___ INFORMATION PROVIDED

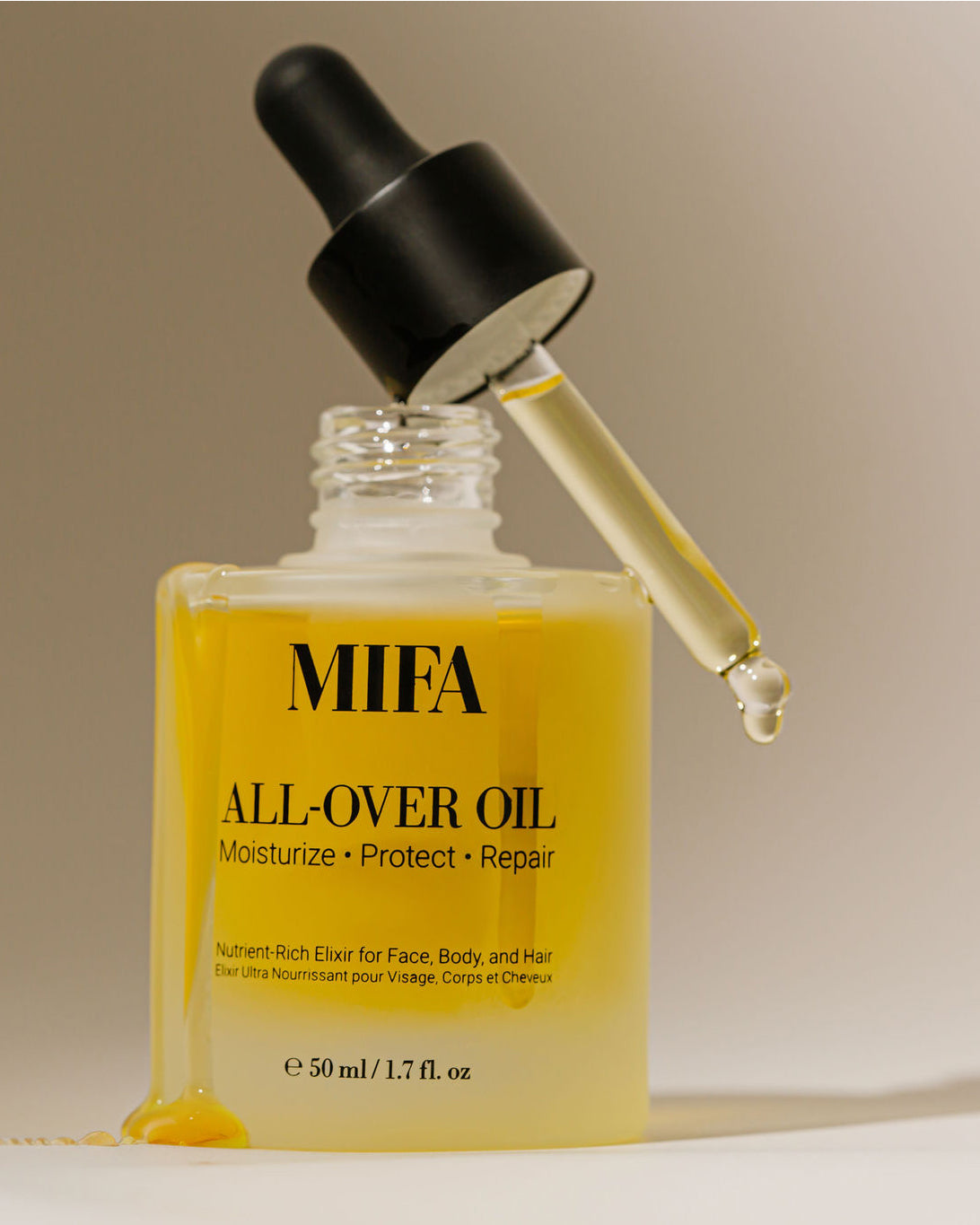All-Over Oil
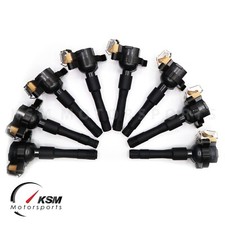 8 X OEM Allumage Bobines pour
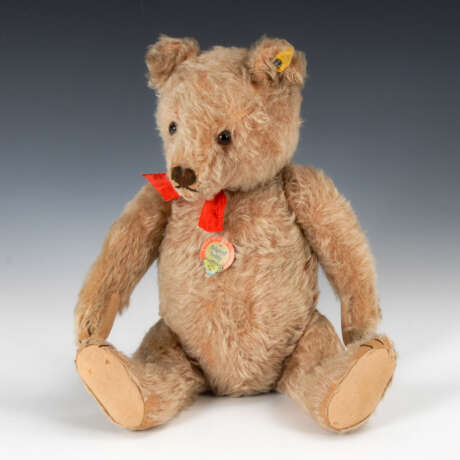 "Original Teddy", STEIFF. - photo 1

______

## [YOUR TASK]
Return all the lines above exactly; none of the pictures should appear.

## [TASK OUTPUT]
All-Over Oil
 8 X OEM Allumage Bobines pour
 "Original Teddy", STEIFF. - photo 1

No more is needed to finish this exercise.